Co zrobi rezerwa federalna?
2011-08-09 11:42
Przeczytaj także: Cisza przed burzą na rynkach finansowych w końcówce tygodnia
Rynki finansowe
Oazą spokoju pozostawał frank szwajcarski, złoto przynosiło dalsze zyski. Inwestorzy wykazują coraz wyraźniejsze oznaki braku zaufania do jakichkolwiek działań rządów i banków centralnych. Wczorajsza interwencja Europejskiego Banku Centralnego skupującego włoskie i hiszpańskie obligacje, poprawiła nastroje tylko na chwilę. W tym kontekście ciekawie zapowiada się dzisiejsza decyzja Rezerwy Federalnej, nie odnośnie do stóp procentowych, ale kolejnej rundy luzowania monetarnego (QE3). Dziś można mieć wątpliwości, czy tego typu działania podniosą zaufania inwestorów, skoro wcześniejsze doświadczenia z nimi nie są nadmiernie krzepiące. Nie doszło ani do ograniczenia amerykańskich długów, ani do wzmocnienia wydatków konsumpcyjnych za sprawą efektu bogactwa, ani do trwałego wzrostu amerykańskiego eksportu za sprawą przeceny dolara. Rzucenie więc na szalę kolejnego programu ilościowego luzowania polityki pieniężnej bez przekonania, że poprawi to nastroje na rynkach, byłoby działaniem bardzo ryzykownym. Brak takiego efektu groziłby kompletną utratą zaufania na rynkach.

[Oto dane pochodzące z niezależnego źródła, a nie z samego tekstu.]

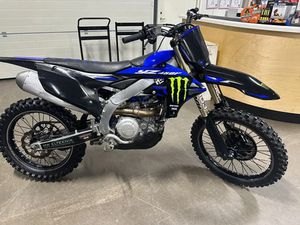 YAMAHA YZ450F 75 TIMMAR, FINT SKICK • 2025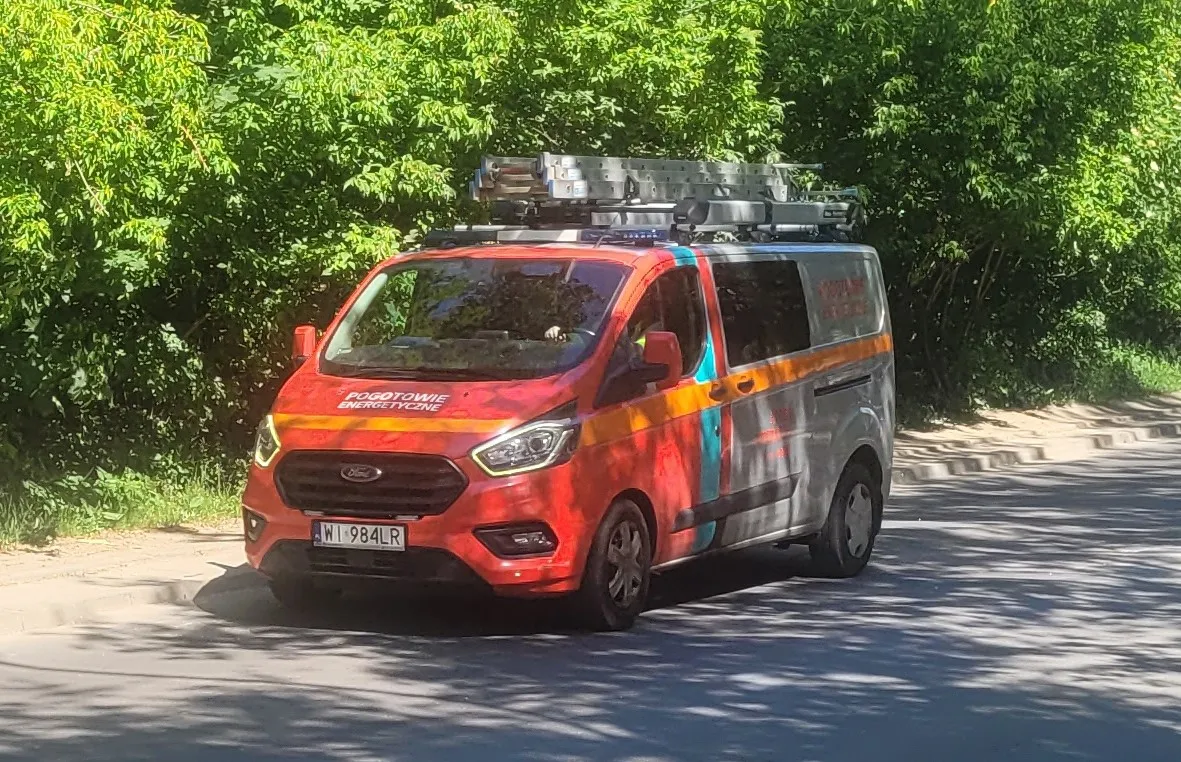Pojazd pogotowia energetycznego na ulicy Bokserskiej w Warszawie w 2026 roku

Nie ma wątpliwości, że po 3 latach znów jesteśmy w sytuacji, kiedy notowania ryzykownych aktywów zdominowane są przez emocje. W takich warunkach trudno się inwestuje.
Rynek nieruchomości
Z najnowszego badania brytyjskich agentów nieruchomościowych wynika, że maleje przewaga tych, którzy wskazują na spadek cen niż na ich wzrost na tamtejszym rynku mieszkaniowym. W lipcu było to 22 pkt proc. wobec 26 pkt proc. miesiąc wcześniej. Specjaliści z Royal Institution of Chartered Surveyors, którzy opracowują to badanie skomentowali taki wynik jako odzwierciedlenie stagnacji i niskiej aktywności na rynku. Bardziej pozytywny obraz kreśli wskaźnik dotyczący nowych zapytań ze strony klientów, który jest uznawany za miernik przyszłych zjawisk na rynku.
Podniósł się z 1 pkt do 5 pkt. Jednocześnie zmalała liczba nowych domów wystawianych na sprzedaż. Ten wskaźnik zszedł o 7 pkt proc. do minus 7 pkt proc. Maleje przy tym liczba zamkniętych transakcji. W okresie maj-lipiec była najniższa od 2 lat. Jeśli chodzi o oczekiwania dotyczące przyszłych cen nieruchomości w Wielkiej Brytanii, to poprawiły się one z minus 25 pkt proc. do minus 13 pkt proc. To oznacza oczekiwanie na dalszą presję na ceny.
Wszystkie opinie i prognozy przedstawione w niniejszym opracowaniu są jedynie wyrazem opinii autorów w dniu publikacji.